6. 彼は、エルサレムがバビロンのネブカデネザル王の手に落ちた時に捕らえられ、ユダのエコヌヤ王をはじめ多くの人々とともに、バビロンへ送られたのでした。
7. このモルデカイは、ハダサ、またの名をエステルという若く美しい娘を育てていました。 実際はいとこに当たるのですが、年もずいぶん離れていたことでもあり、両親が亡くなったあと、手もとに引き取ったのです。
8. さて、王のお布令が出ると、エステルもほかの大ぜいの娘とともに、シュシャンの王宮内の後宮に連れて来られました。
9. ところが、後宮を管理していたヘガイが、特にエステルを気に入り、彼女のためには何でもしてくれるのでした。 特別の食事や化粧用の品々など、何かにつけて便宜をはかってくれます。 わざわざ王宮の侍女を七人呼んで身の回りの世話をさせるやら、後宮一の部屋をあてがうやら、それはもう大そうなものでした。
10. エステルは自分がユダヤ人であることを、だれにも黙っていました。 モルデカイに堅く口止めされていたからです。
11. モルデカイは毎日、後宮の庭に来てエステルの安否を尋ね、これから先の成り行きを見届けようとしていました。
15. さて、いよいよエステルが王のもとへ行く番になりました。 彼女は、例のヘガイに見立ててもらった衣装を身につけました。 その姿の美しさには、ほかの娘たちもいっせいに歓声をあげるほどでした。
16. こうしてエステルは、王の治世の第七年の一月に召し入れられたのです。
17. 王はほかのだれよりもエステルを愛しました。 すっかり気をよくした王は、彼女に王冠を与え、ワシュティの代わりに王妃にすると宣言したのです。
18. この記念に、王はもう一度、高官から召使に至るまで全員を集め、大宴会を開きました。 諸州には、気前よく贈り物を配ったり、免税を認めたりしました。
19. のちに、王がまた美人選びをしようとした時、モルデカイは政府の役人に取り立てられていました。
20. エステルはいまだに、ユダヤ人であることを隠し通していました。

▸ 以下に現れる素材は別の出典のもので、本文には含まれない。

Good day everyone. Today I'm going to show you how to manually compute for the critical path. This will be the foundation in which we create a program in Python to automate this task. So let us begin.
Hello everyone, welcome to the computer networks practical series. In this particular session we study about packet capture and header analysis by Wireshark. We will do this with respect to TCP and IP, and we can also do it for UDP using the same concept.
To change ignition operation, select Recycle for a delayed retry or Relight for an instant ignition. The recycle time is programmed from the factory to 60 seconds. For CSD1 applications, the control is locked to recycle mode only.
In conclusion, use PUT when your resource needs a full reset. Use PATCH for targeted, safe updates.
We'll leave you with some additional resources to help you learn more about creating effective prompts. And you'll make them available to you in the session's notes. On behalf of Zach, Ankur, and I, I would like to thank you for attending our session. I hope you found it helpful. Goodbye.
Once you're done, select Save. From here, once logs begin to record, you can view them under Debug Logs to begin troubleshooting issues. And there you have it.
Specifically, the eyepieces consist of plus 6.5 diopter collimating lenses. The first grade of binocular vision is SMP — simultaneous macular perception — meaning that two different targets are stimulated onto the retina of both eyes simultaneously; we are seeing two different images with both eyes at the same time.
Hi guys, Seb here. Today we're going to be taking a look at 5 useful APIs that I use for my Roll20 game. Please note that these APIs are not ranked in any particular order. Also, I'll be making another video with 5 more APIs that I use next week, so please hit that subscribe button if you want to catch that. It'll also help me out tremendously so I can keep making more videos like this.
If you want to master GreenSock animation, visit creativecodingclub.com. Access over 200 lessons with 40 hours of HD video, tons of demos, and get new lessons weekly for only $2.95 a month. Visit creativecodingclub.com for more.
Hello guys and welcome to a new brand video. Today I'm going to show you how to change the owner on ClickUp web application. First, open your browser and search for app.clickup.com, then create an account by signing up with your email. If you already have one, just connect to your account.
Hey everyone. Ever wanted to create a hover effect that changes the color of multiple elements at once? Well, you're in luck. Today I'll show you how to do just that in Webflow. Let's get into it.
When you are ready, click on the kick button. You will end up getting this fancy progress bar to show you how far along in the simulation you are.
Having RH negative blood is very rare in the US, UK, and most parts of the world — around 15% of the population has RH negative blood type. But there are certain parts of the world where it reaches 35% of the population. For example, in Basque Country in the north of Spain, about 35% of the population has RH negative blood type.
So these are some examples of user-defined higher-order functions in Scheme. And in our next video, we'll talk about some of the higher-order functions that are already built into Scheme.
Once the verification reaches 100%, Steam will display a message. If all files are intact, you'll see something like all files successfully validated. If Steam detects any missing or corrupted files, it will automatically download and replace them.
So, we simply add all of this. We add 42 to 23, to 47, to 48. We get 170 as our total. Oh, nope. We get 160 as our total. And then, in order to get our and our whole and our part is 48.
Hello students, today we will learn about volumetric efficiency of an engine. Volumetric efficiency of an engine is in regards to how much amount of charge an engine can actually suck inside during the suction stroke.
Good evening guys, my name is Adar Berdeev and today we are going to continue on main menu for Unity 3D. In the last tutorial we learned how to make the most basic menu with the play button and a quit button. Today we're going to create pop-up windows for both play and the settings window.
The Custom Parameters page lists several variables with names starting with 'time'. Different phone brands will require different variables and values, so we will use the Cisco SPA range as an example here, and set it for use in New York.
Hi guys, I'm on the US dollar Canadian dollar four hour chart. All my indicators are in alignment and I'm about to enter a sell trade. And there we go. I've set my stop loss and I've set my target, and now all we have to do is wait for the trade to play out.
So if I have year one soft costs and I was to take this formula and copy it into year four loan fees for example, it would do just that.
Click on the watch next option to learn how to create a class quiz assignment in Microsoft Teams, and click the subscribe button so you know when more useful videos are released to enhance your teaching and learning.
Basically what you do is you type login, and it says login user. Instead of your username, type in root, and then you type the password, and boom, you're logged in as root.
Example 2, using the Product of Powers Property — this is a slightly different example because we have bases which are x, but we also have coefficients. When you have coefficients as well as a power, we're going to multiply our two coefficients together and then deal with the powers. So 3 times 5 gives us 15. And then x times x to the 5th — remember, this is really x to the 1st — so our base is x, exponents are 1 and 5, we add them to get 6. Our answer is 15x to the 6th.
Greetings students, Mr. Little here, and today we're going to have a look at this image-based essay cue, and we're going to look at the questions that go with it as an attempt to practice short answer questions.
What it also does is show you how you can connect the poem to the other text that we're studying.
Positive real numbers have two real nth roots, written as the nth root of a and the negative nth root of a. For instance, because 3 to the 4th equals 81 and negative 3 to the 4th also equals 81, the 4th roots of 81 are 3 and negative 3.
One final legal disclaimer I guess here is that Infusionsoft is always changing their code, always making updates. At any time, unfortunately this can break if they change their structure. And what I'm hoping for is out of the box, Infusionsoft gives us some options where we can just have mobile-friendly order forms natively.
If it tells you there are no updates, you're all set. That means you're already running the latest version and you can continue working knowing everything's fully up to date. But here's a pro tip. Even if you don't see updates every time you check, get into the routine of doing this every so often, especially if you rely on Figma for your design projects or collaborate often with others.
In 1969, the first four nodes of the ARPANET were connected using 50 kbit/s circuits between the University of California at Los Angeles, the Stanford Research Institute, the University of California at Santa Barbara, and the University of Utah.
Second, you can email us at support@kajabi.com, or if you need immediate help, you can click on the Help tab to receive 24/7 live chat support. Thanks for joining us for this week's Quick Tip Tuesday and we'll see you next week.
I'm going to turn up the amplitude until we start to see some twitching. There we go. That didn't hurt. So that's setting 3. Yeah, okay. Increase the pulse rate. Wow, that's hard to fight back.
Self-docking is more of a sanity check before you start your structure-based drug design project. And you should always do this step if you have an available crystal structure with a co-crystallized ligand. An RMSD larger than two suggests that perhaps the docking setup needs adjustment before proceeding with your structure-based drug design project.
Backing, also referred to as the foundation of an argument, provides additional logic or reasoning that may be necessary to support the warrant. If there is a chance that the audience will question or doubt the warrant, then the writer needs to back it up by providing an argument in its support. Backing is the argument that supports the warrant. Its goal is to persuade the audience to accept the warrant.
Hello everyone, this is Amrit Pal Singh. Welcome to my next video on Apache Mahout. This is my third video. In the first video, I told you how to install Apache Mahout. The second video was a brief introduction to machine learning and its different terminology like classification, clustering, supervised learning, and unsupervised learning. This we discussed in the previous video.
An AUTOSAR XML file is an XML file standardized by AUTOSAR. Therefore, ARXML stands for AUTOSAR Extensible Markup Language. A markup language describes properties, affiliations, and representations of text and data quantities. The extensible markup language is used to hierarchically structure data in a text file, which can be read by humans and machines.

モルデカイの家にいた時と同じように、彼の言いつけをよく守っていたのです。
21. そんなある日のこと、宮殿警護の当直にあたっていたモルデカイは、たまたま、城門の警備についている後宮の役人ビグタンとテレシュが、王への腹いせに暗殺計画を練っているのを知ったのです。
22. ぐずぐずできません。 さっそく王妃エステルに通報しました。 すぐさまエステルは王の耳に入れ、これを知らせてきたのはモルデカイであることも、忘れずにつけ加えました。